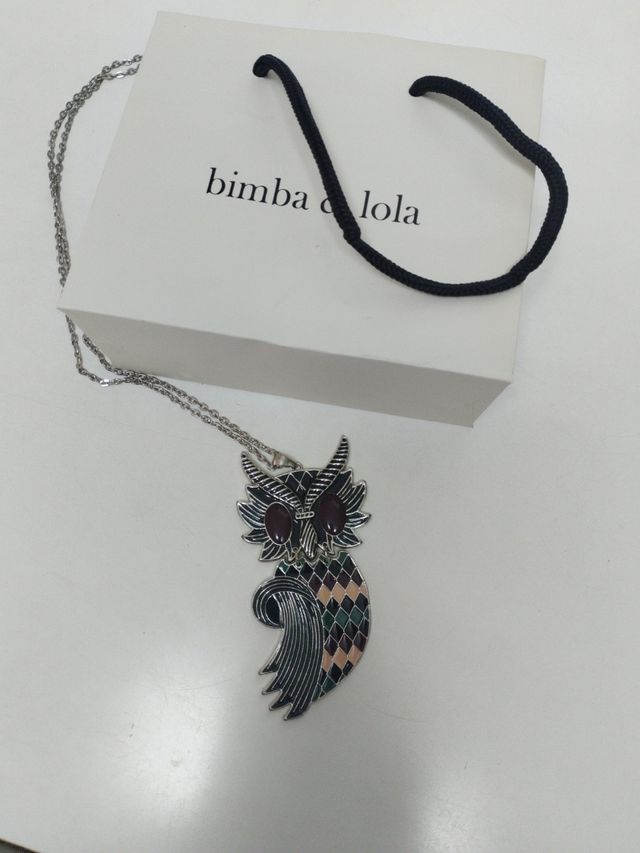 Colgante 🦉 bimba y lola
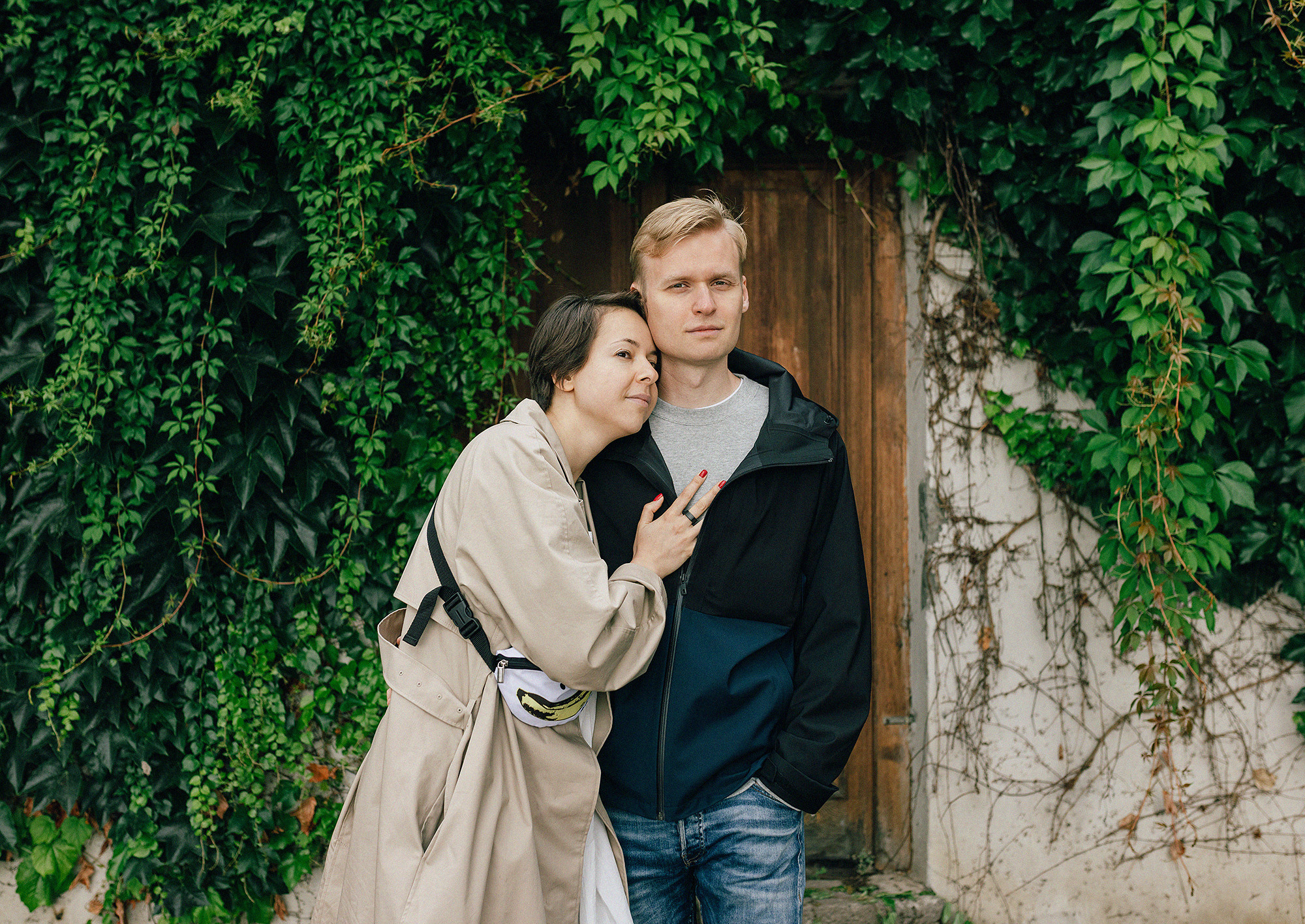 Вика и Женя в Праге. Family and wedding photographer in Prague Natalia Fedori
• • • •
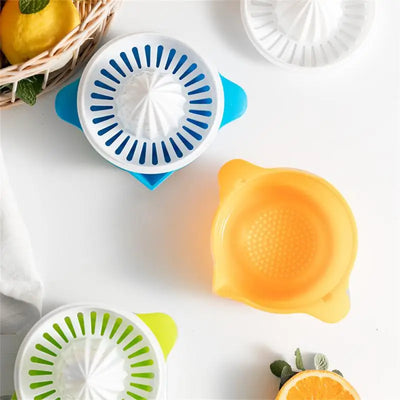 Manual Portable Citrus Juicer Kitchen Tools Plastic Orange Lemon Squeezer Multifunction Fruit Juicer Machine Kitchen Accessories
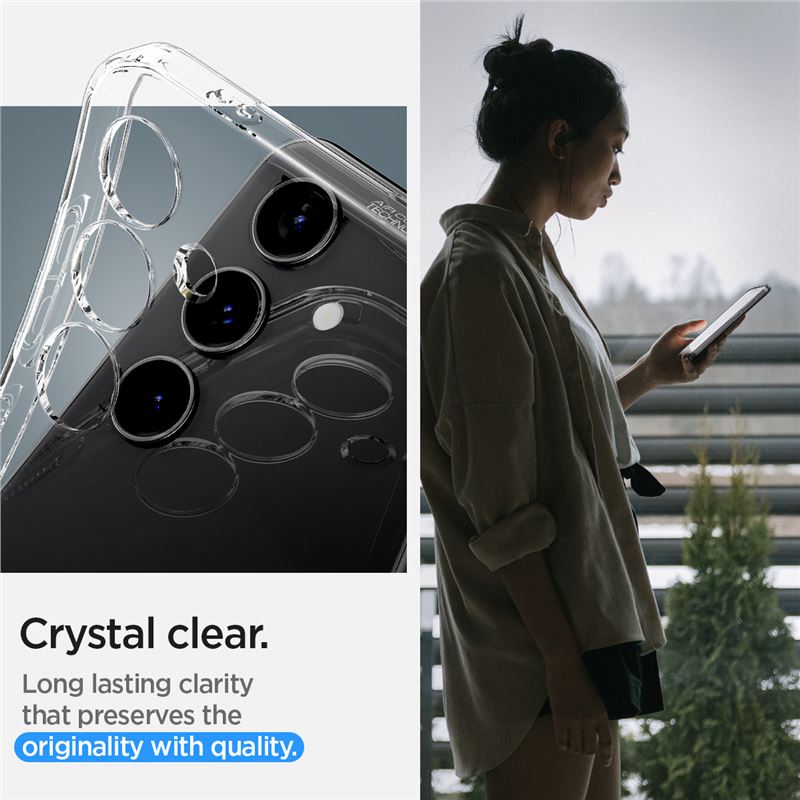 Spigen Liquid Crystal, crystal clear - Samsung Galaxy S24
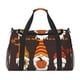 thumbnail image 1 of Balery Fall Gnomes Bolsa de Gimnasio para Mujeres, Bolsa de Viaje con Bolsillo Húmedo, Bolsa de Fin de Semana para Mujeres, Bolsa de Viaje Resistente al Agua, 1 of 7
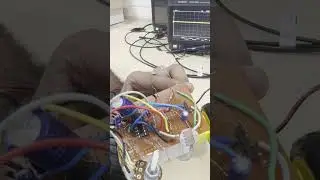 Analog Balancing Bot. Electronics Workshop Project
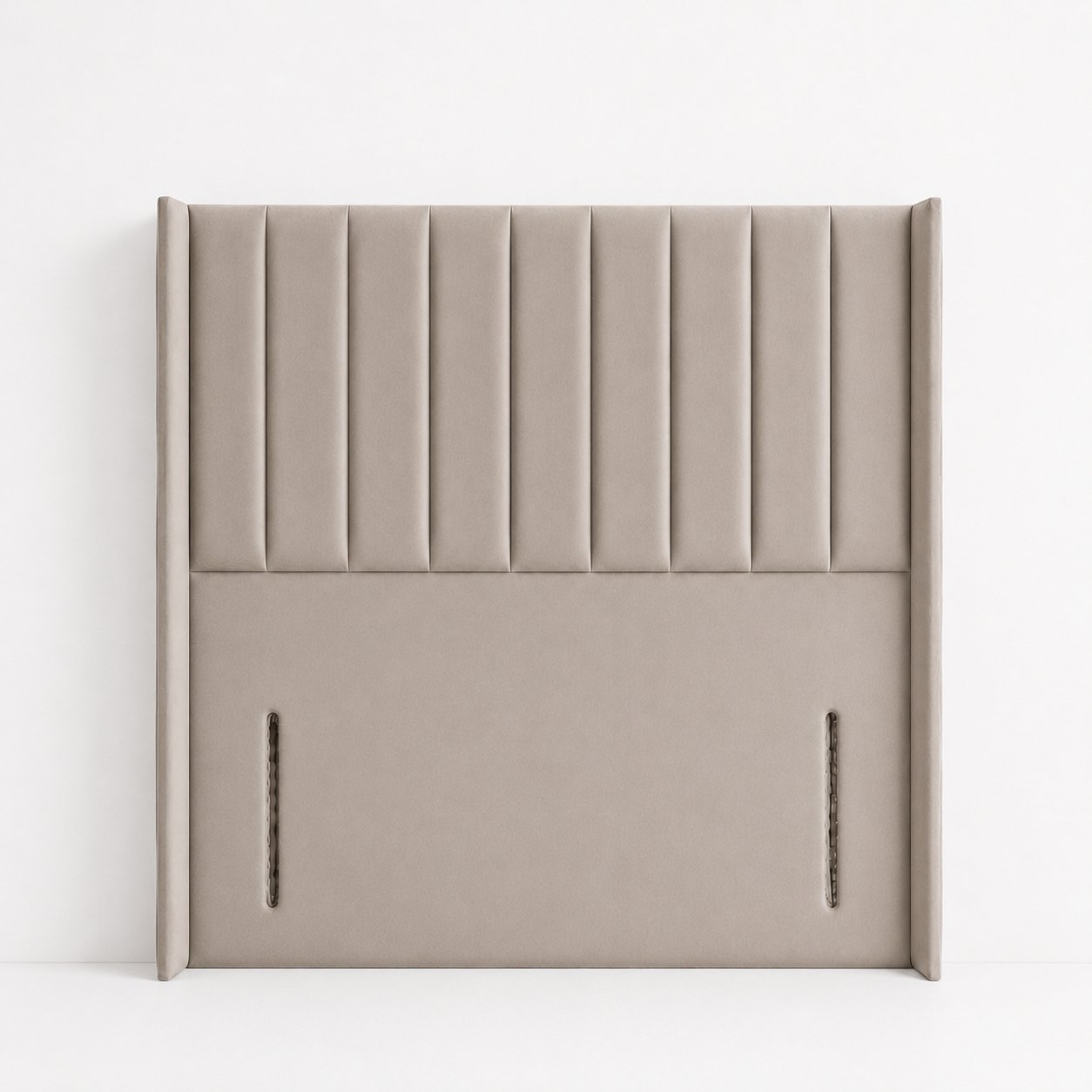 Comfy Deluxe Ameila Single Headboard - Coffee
• • • •
Treat the line with "thumbnail image 1" as the start and the line with "Comfy Deluxe Ameila" as the end, and return exactly that span of the data above, both ends included, without pictures.

Answer:
 thumbnail image 1 of Balery Fall Gnomes Bolsa de Gimnasio para Mujeres, Bolsa de Viaje con Bolsillo Húmedo, Bolsa de Fin de Semana para Mujeres, Bolsa de Viaje Resistente al Agua, 1 of 7
 Analog Balancing Bot. Electronics Workshop Project
 Comfy Deluxe Ameila Single Headboard - Coffee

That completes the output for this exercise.